Price Hikes, Work Changes Push Foodservice Lunch Visits Down
CHICAGO — Foodservice lunch, which accounts for one third of all foodservice traffic, has posted consecutively steeper declines over the past six months, according to research from The NPD Group. Lunch visits declined by 4 percent in the quarter that ended June, compared to the same quarter one year ago. This marks the steepest decline of all main meal dayparts.
The rise of employees who work from home and increased online shopping, which cut down on foodservice meal and snack breaks, are contributors to the softening of lunch traffic. Recent menu price hikes have also steepened lunch visits declines, NPD found.
With the exception of traditional quick-service restaurants (QSRs), all restaurant segments are losing visits. This is particularly true of casual dining and fast casual restaurants, where traffic was down in the quarter that ended in June compared to one year ago by 6 percent and 9 percent respectively. Additionally, weekday foodservice lunch visits fell by 7 percent.
Foodservice lunch, particularly weekday visits, has already been negatively impacted by a 24-percent increase over the last decade in the number of people working from home, and by an 8-percent increase over the last year in online shopping.
Relatively recent menu price hikes have worsened the situation.
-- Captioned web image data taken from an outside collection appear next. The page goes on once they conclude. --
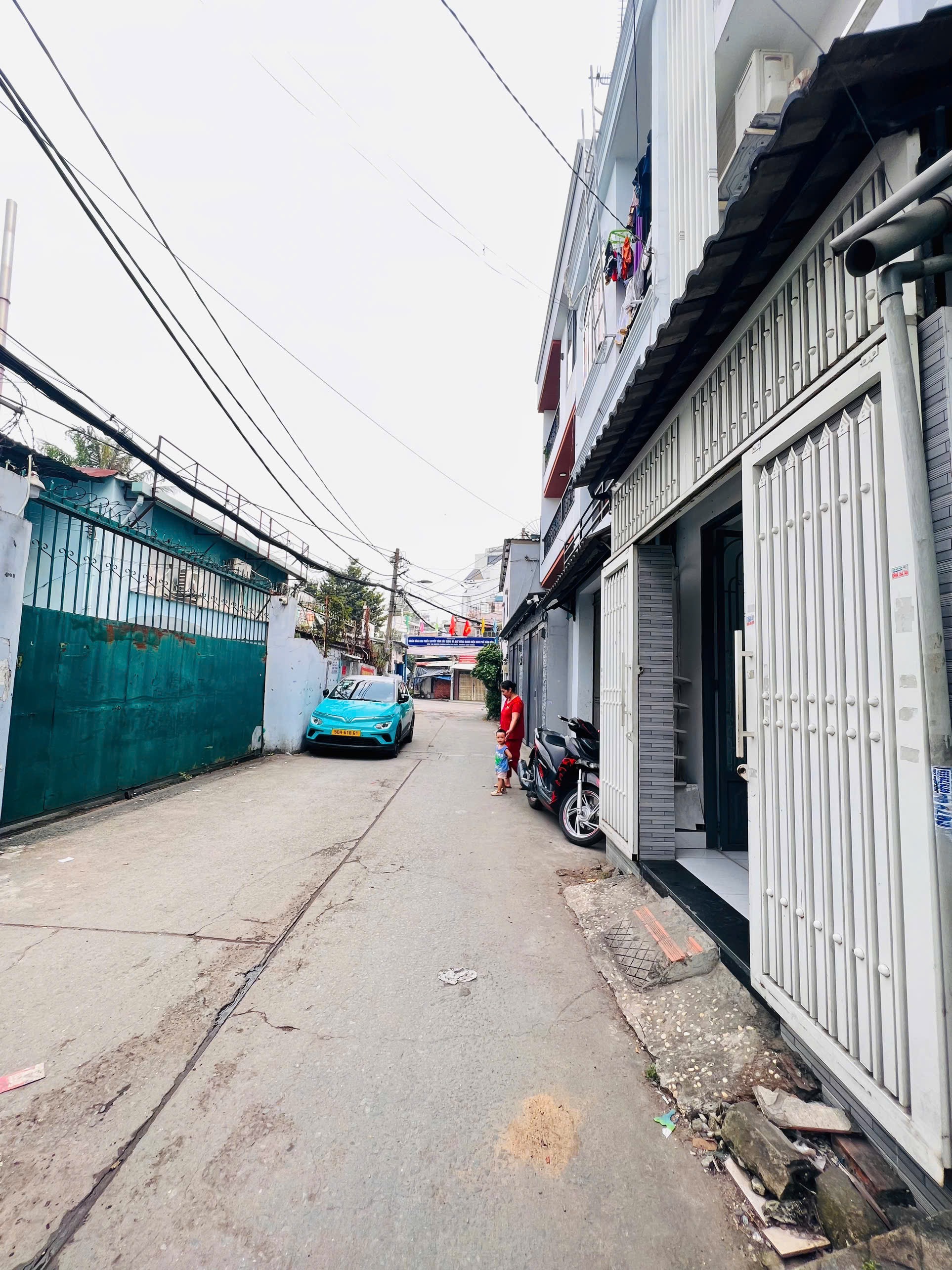 Bán nhà hẻm xe tải 5m – Nguyễn Thượng Hiền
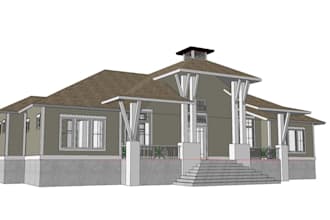 drafting autocad technically floor plans, cd set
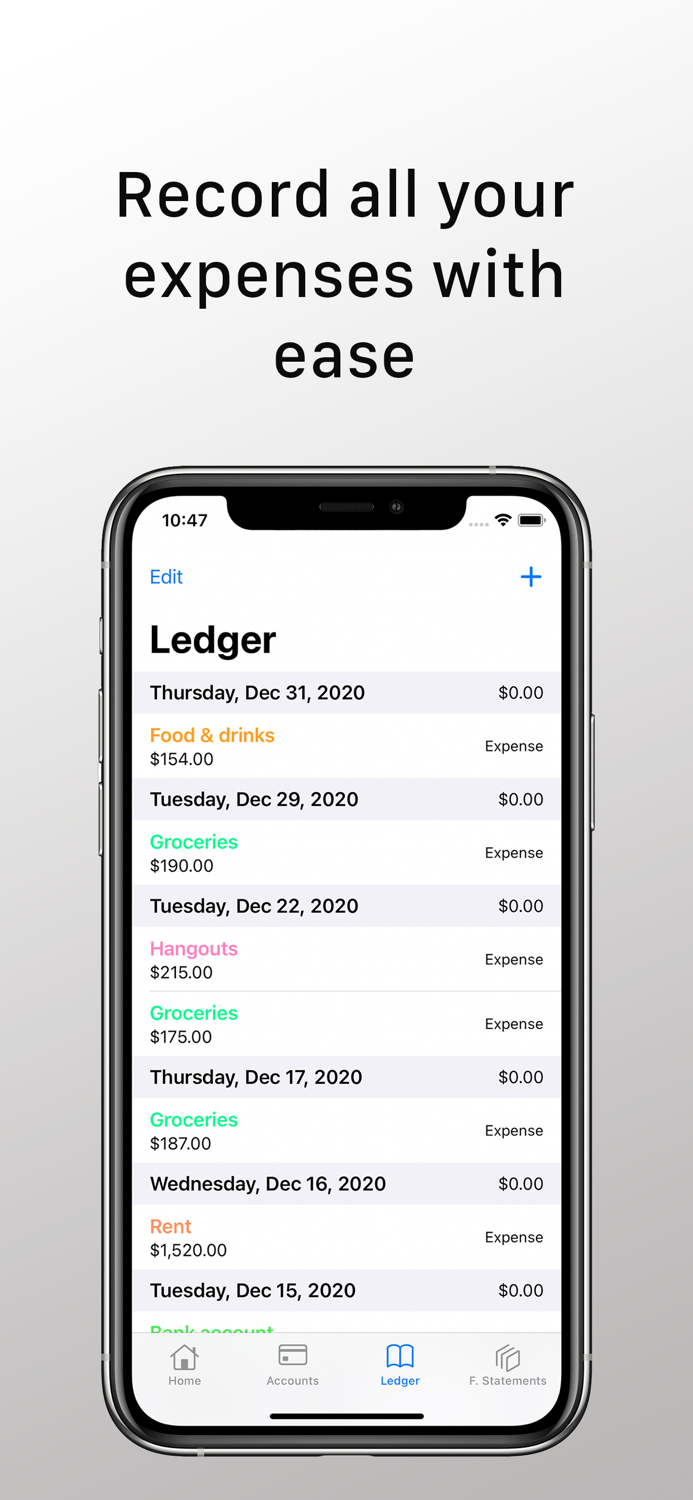 Pro Ledger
A price analysis conducted by NPD found that the price point at which consumers are most satisfied and most likely to visit is when they feel it is "affordable to eat there often," and "good value for the money." Average lunch checks during the quarter that ended in June have increased by as much as 5 percent in some restaurant segments compared to the same quarter one year ago, moving beyond consumers' "sweet spot" price, therefore diminishing customer satisfaction and their intent to visit.
Aggressive dealing, such as combo and value meal offerings at QSR hamburger restaurants, has prevented steeper lunch visits declines, but NPD's foodservice market research found that only about a quarter of lunch customers took advantage of the deals. When deal traffic is removed from the lunch check, consumers are paying $8 for lunch on average, which is higher than most want to pay for a QSR lunch.
"Simply said, who can afford to go out lunch on a regular basis when checks have risen for some as much as they have recently?" asked Bonnie Riggs, restaurant industry analyst for The NPD Group. "Historically, foodservice lunch has been the occasion where consumers didn't want to invest a lot time, money, or energy into this meal. It's apparent by the drop in lunch traffic that the current value proposition isn't meeting these needs."